The Odyssey by Homer Analysis

The Poem (Critical Survey of Literature for Students)

Of the Greek heroes who survive the Trojan War only Odysseus does not return home, because he is detained by the god of the sea, Poseidon, for an offense that he committed against that god. At a conclave of the gods on Olympus, Zeus decrees that Odysseus should at last be allowed to return to his home and family in Ithaca. The goddess Athena is sent to Ithaca where, in disguise, she tells Telemachus, Odysseus’s son, that his father is alive. She advises the youth to rid his home of the great number of suitors suing for the hand of his mother, Penelope, and to go in search of his father. The suitors refuse to leave the house of Odysseus, but they give ready approval to the suggestion that Telemachus begin a quest for his father, since the venture will take him far from the shores of Ithaca.

The youth and his crew sail to Pylos, where the prince questions King Nestor concerning the whereabouts of Odysseus.
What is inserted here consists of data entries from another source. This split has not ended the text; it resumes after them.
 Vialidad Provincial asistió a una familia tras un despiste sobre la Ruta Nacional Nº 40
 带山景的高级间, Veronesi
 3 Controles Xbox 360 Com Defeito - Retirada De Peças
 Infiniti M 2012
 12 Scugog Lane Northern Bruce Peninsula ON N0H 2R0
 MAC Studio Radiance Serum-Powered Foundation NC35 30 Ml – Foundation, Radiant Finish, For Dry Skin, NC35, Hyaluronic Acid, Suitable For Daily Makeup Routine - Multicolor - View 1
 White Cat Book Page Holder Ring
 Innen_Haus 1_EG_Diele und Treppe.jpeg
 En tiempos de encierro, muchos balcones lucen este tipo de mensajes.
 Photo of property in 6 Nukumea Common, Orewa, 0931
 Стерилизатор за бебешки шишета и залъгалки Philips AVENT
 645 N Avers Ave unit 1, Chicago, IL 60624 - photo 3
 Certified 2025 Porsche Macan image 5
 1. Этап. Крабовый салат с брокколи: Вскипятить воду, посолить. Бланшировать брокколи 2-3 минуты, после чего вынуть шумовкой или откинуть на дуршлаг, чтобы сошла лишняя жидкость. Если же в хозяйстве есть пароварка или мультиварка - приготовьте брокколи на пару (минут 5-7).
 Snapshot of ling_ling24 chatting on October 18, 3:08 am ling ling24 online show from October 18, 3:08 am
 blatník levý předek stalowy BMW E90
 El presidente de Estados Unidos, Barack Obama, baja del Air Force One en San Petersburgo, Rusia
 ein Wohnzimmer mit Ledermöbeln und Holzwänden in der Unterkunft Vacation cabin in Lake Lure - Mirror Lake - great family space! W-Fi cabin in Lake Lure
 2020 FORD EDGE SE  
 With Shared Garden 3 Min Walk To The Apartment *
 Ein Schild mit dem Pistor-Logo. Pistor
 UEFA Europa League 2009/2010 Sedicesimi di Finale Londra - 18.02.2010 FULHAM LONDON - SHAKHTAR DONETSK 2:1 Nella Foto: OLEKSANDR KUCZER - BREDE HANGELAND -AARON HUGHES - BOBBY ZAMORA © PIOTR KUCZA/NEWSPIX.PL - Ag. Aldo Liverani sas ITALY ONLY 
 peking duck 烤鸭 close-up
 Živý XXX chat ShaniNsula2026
Nestor, a wartime comrade of Odysseus, advises Telemachus to go to Lacedaemon, where King Menelaus can possibly give him the information he seeks. At the palace of Menelaus and Helen, for whom the Trojan War was waged, Telemachus learns that Odysseus is a prisoner of the nymph Calypso on her island of Ogygia in the Mediterranean Sea.

Zeus in the meantime sends Hermes, the messenger of the gods, to Ogygia, with orders that Calypso is to release Odysseus. When the nymph reluctantly complies, the hero constructs a boat in four days and sails away from his island prison. Poseidon, ever the enemy of Odysseus, sends great winds to destroy his boat and to wash him ashore on the coast of the Phaeacians. There he is found by Nausicaa, daughter of King Alcinoüs of the Phaeacians, when she goes down to the river mouth with her handmaidens to wash linen. When the naked Odysseus awakens and sees Nausicaa and her maidens, he asks them where he is. Frightened at first by the stranger hiding behind the shrubbery, Nausicaa soon perceives that he is no vulgar person. She tells him where he is, supplies him with clothing, and gives him food and drink. Then she conducts him to the palace of King Alcinoüs and Queen Arete. The royal pair welcome him and promise to provide him with passage to his native land. At a great feast the minstrel Demodocus sings of the Trojan War and of the hardships suffered by the returning Greeks; Alcinoüs sees that the stranger weeps during the singing. At the games that follow the banquet and songs, Odysseus is goaded by a young Phaeacian athlete into revealing his great strength. Later, at Alcinoüs’s insistence, Odysseus tells the following story of his wanderings since the war’s end.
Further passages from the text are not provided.